WORK INSTRUCTION:
The required output is the lines from the one with "Gold Bow Bracelet" through the end of the data, repeated verbatim, with no pictures included.

Dataset records
━━━━━━━━━━━━━━━━━━━━━━━━━━━━━━

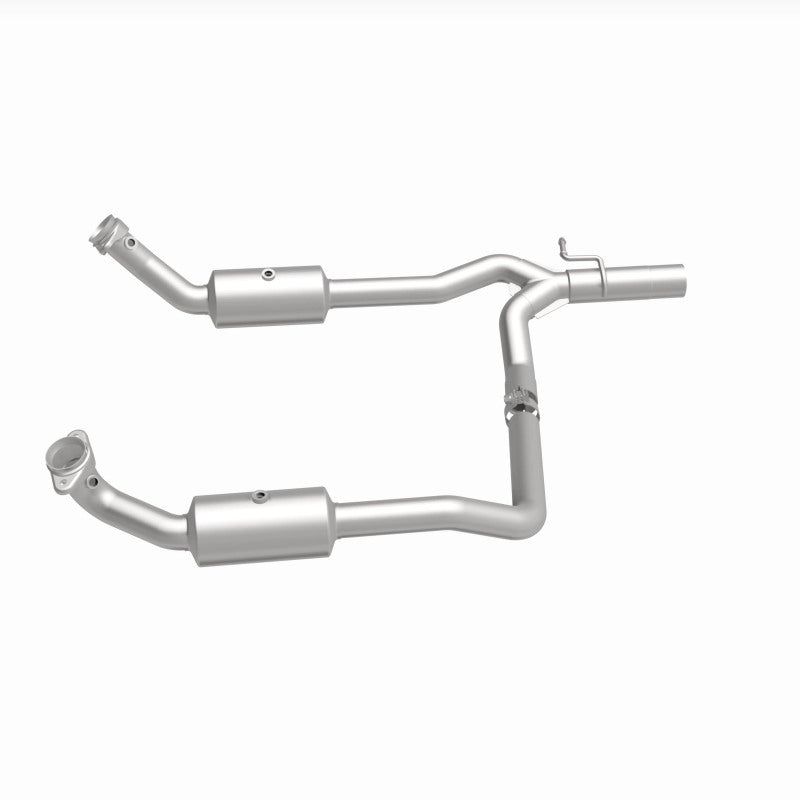 MagnaFlow OEM-Grade Direct-Fit Catalytic Converter - Ford E-350 Super Duty 2009-2019 6.8L - Underbody, view 26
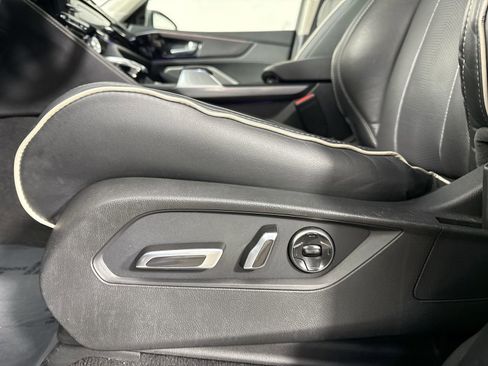 Certified 2022 Acura MDX SH-AWD w/ Advance Package image 23
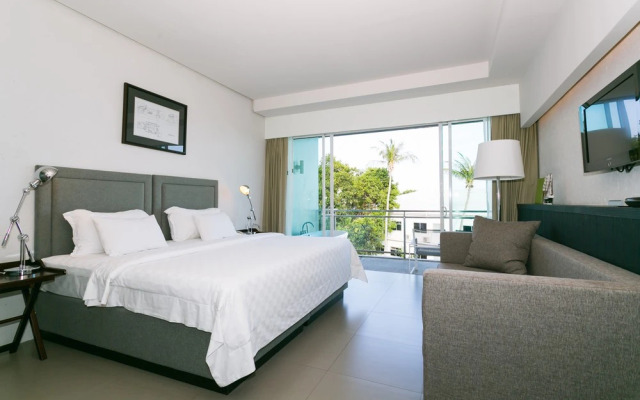 Sugar Palm Grand Hillside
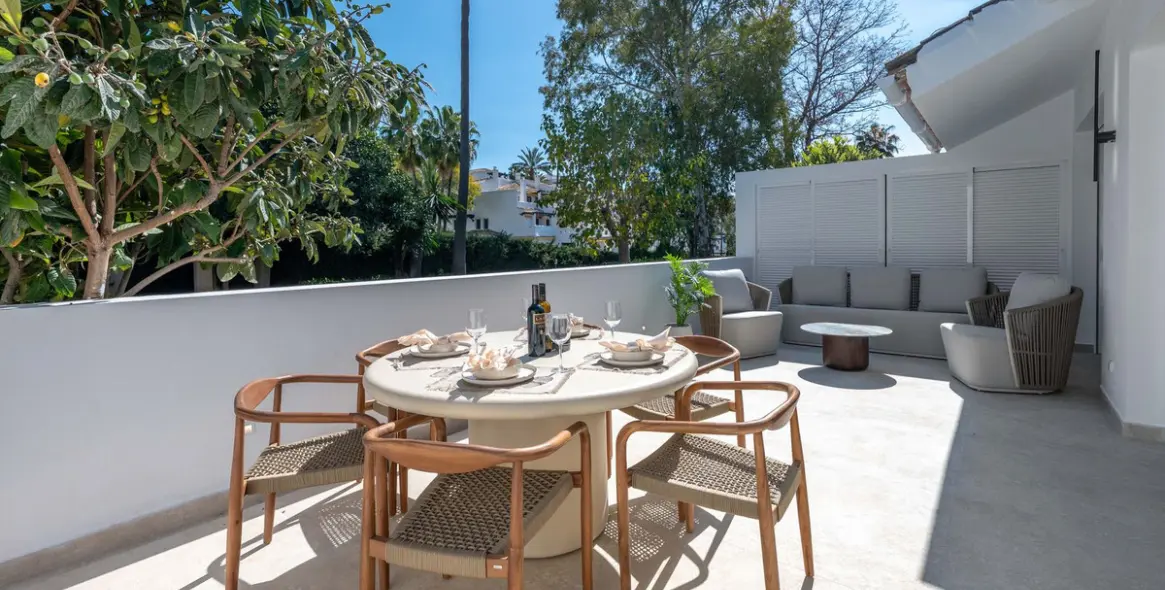 Sale of ground floor apartment in Nueva Andalucía 16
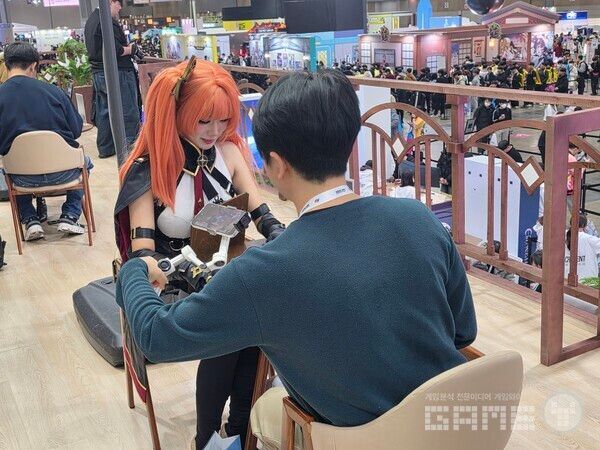 크레센트 2층 부스에서 데이트를 즐기는 모스어와 팬들 /게임와이 촬영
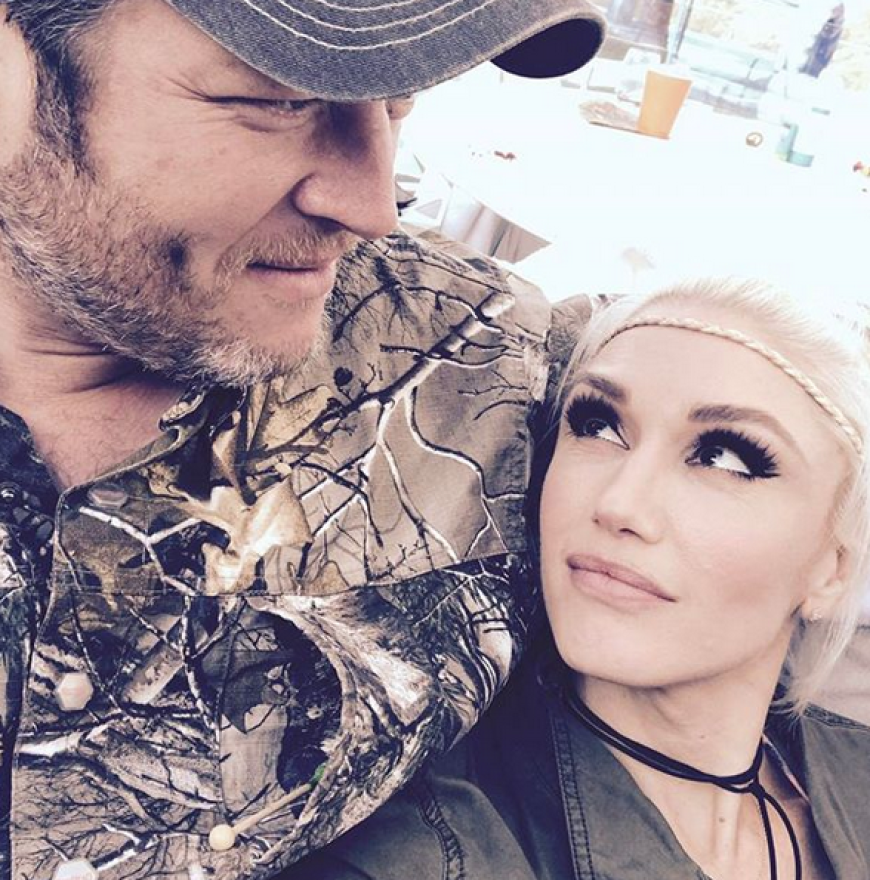 Gwen Stefani und Blake Shelton stellen ihre Liebe gerne zur Schau, so wie auch auf diesem Kuschel-Foto. Verliebt blickt die Sängerin ihrem Herzblatt in die Augen. Genau wie Zayn und Gigi, gehen Gwen und Blake seit November 2015 gemeinsam durchs Leben. Damals saßen sie gemeinsam bei der US-Castingshow „The Voice“ in der Jury, wo sie sich kennen und lieben lernten.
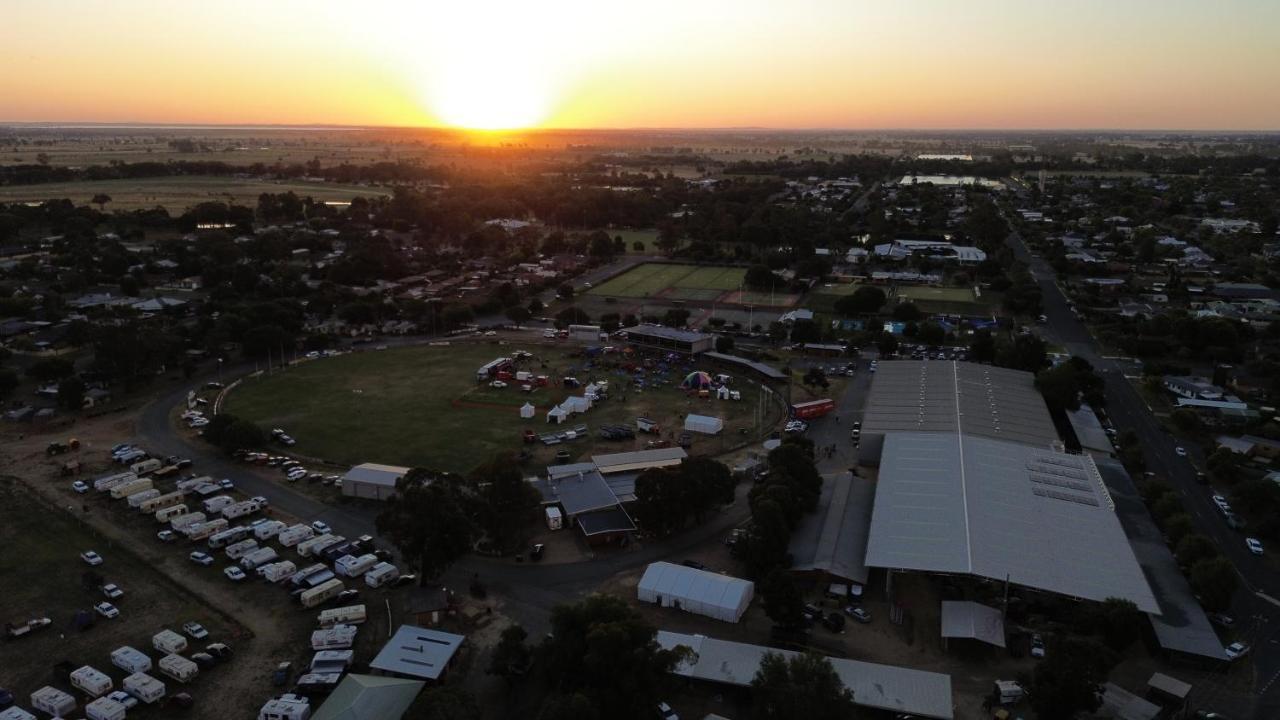 Tatura Country Motel Dış mekan fotoğraf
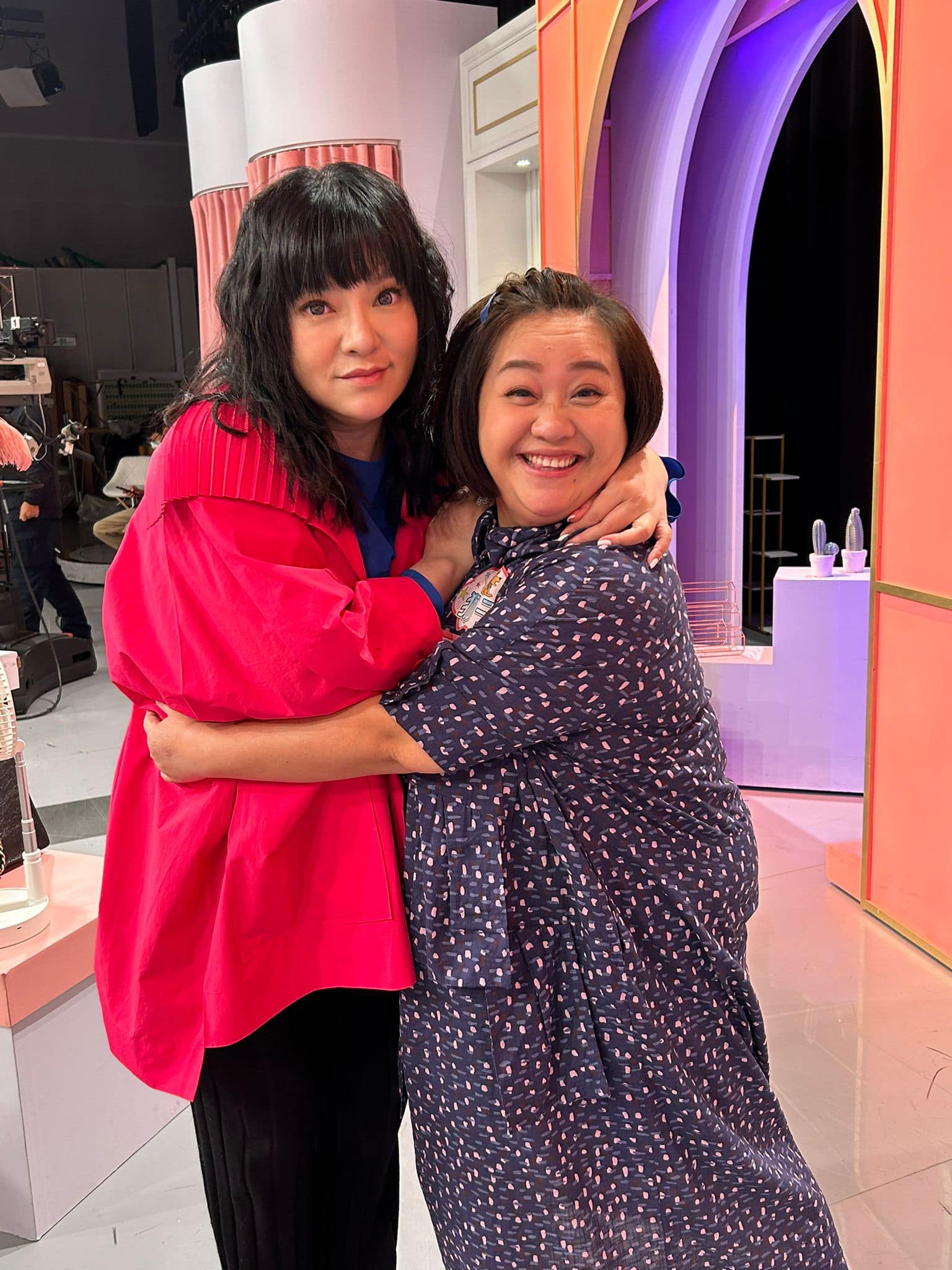 女兒面前大哭！鍾欣凌管教孩子「被予取予求淚崩」　對孩子沒輒「連作業都要我寫」當媽很卑微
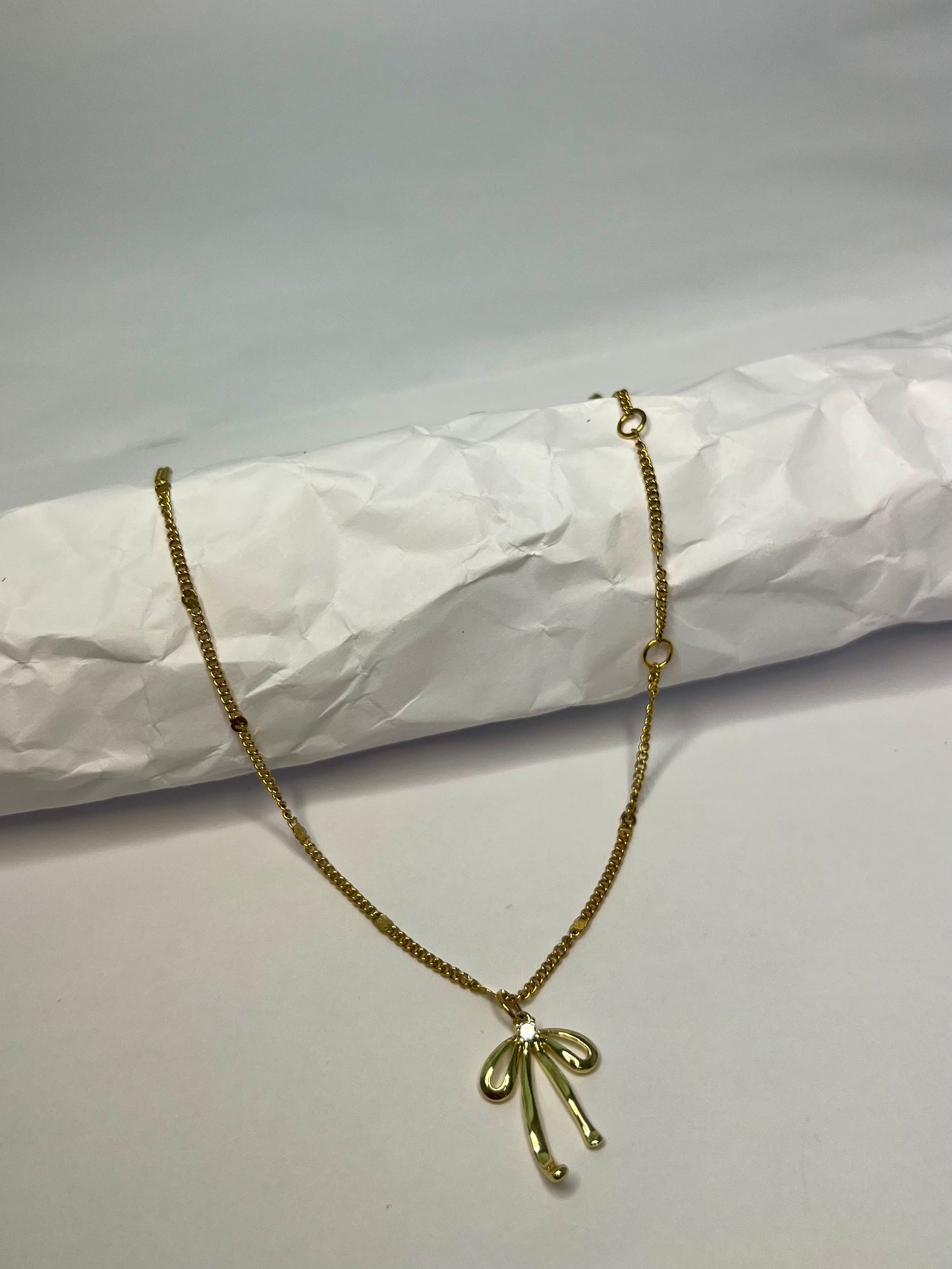 Gold Bow Bracelet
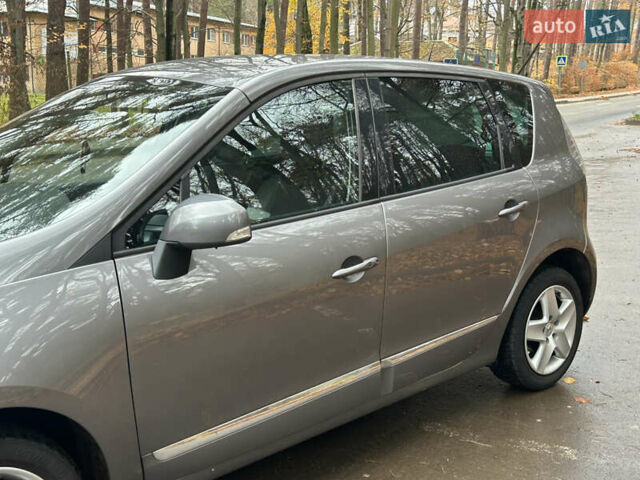 Серый Рено Сценик, объемом двигателя 1.46 л и пробегом 213 тыс. км за 9299 $, фото 3 на Automoto.ua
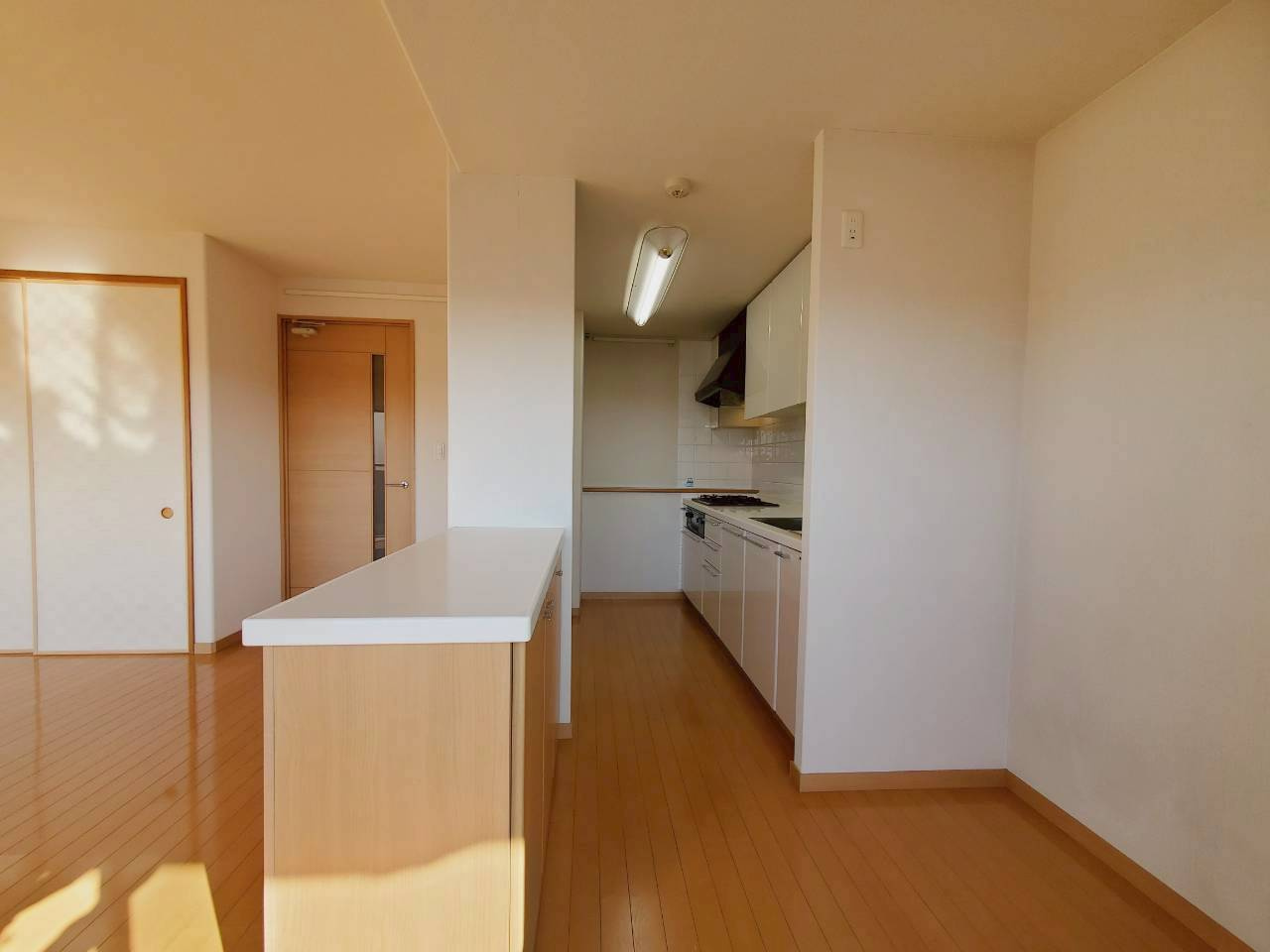 サーパス北久保2LDK　中古マンションのキッチン|キッチンが奥にあるのは匂いが広がりにくくていいですよ♪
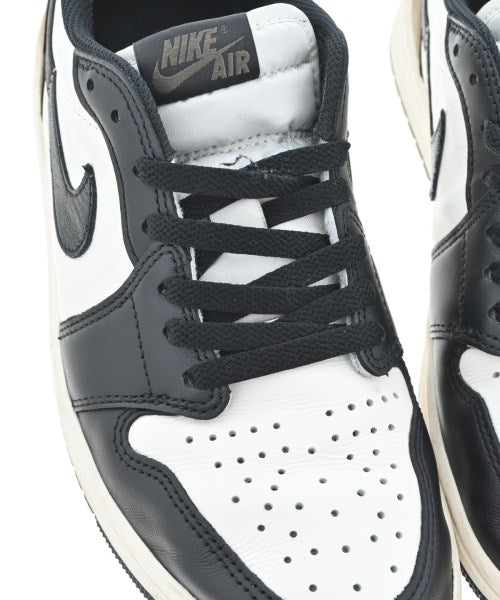 NIKE รองเท้าผ้าใบ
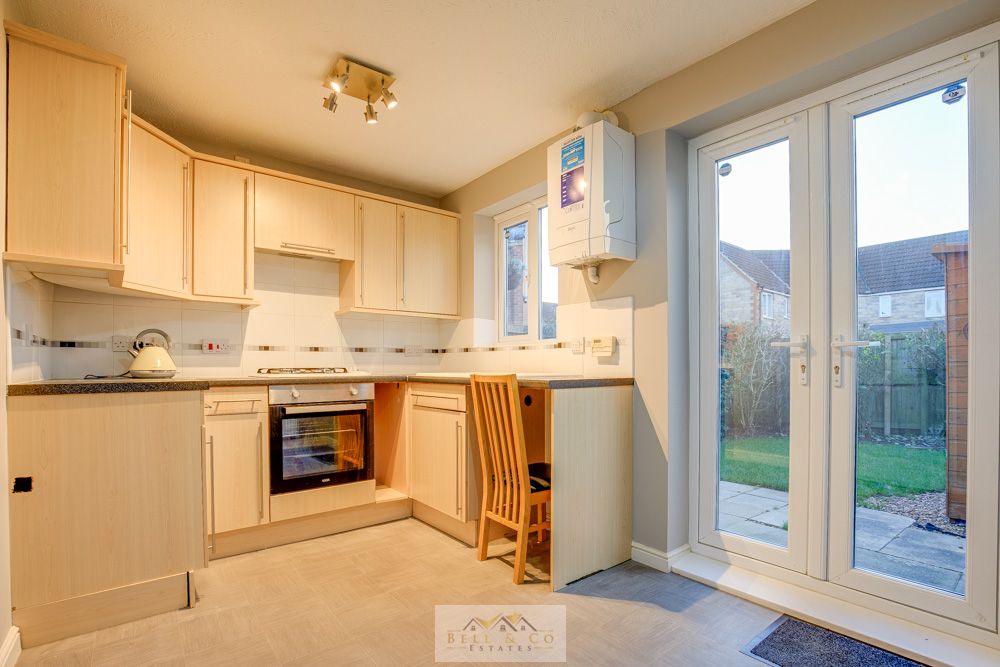 Property photo 3 of 21 Kitchen 1.1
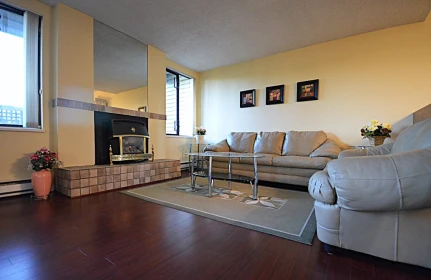 105 15313 19 Avenue, Surrey, BC, Surrey — Apartment/Condo for sale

━━━━━━━━━━━━━━━━━━━━━━━━━━━━━━

RESULT OF THIS EXERCISE:
 Gold Bow Bracelet
 Серый Рено Сценик, объемом двигателя 1.46 л и пробегом 213 тыс. км за 9299 $, фото 3 на Automoto.ua
 サーパス北久保2LDK　中古マンションのキッチン|キッチンが奥にあるのは匂いが広がりにくくていいですよ♪
 NIKE รองเท้าผ้าใบ
 Property photo 3 of 21 Kitchen 1.1
 105 15313 19 Avenue, Surrey, BC, Surrey — Apartment/Condo for sale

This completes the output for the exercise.